Begegnen wir Menschen im täglichen Leben oder sehen wir Bilder von Personen im Fernsehen und in der Zeitung, so fällt ein Charakteristikum meistens ziemlich schnell ins Auge: das Alter. Wenn wir anhand grauer Haare, faltiger Haut oder des Kleidungsstils erkennen, dass jemand zur Gruppe der älteren Menschen gehört, kommen uns automatisch weitere Eigenschaften in den Sinn, die wir typischerweise mit älteren Menschen verbinden (z.B. konservativ, langsam, erfahren, gelassen). Diese individuellen und gesellschaftlichen Vorstellungen werden als Altersstereotype bezeichnet. Sie können sich auf alte Menschen oder auf den Zustand des Altseins beziehen (Eigenschaftszuschreibungen), sie können aber auch Veränderungen bezeichnen, die mit dem Prozess des Älterwerdens verbunden werden (sog. Alternsstereotype, z.B. Nachlassen des Hörvermögens; Wurm & Huxhold, 2010).

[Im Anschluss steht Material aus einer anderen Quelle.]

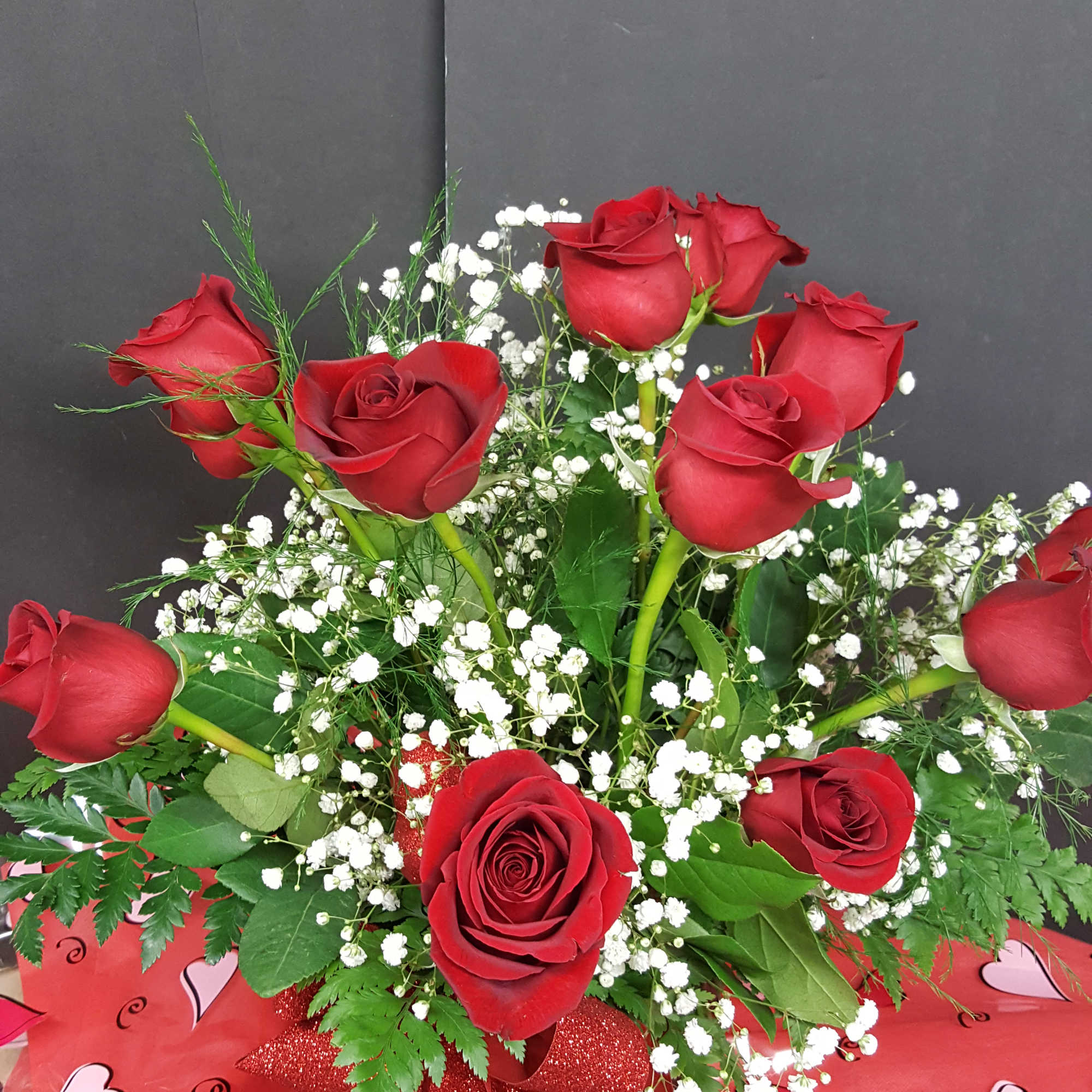 Eye catching design of one dozen 40-50cm Freedom red roses. Smaller head/bloom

Stereotype über ältere Menschen entwickeln sich schon in der frühen Kindheit (durch die Darstellung alter Menschen in Märchen oder im Fernsehen, aber auch durch eigene Erfahrungen, zum Beispiel mit den Großeltern). Wie alle Stereotype haben auch Altersstereotype durchaus eine wichtige Funktion für unser Zusammenleben. So können wir unsere Erwartungen bzgl. des Umgangs mit alten Menschen zunächst an diesen allgemeinen Vorstellungen ausrichten und müssen nicht jeden einzelnen Menschen zuerst ganz genau kennen lernen, um zu wissen, mit welchen Eigenschaften, Chancen und Problemen wir zu rechnen haben.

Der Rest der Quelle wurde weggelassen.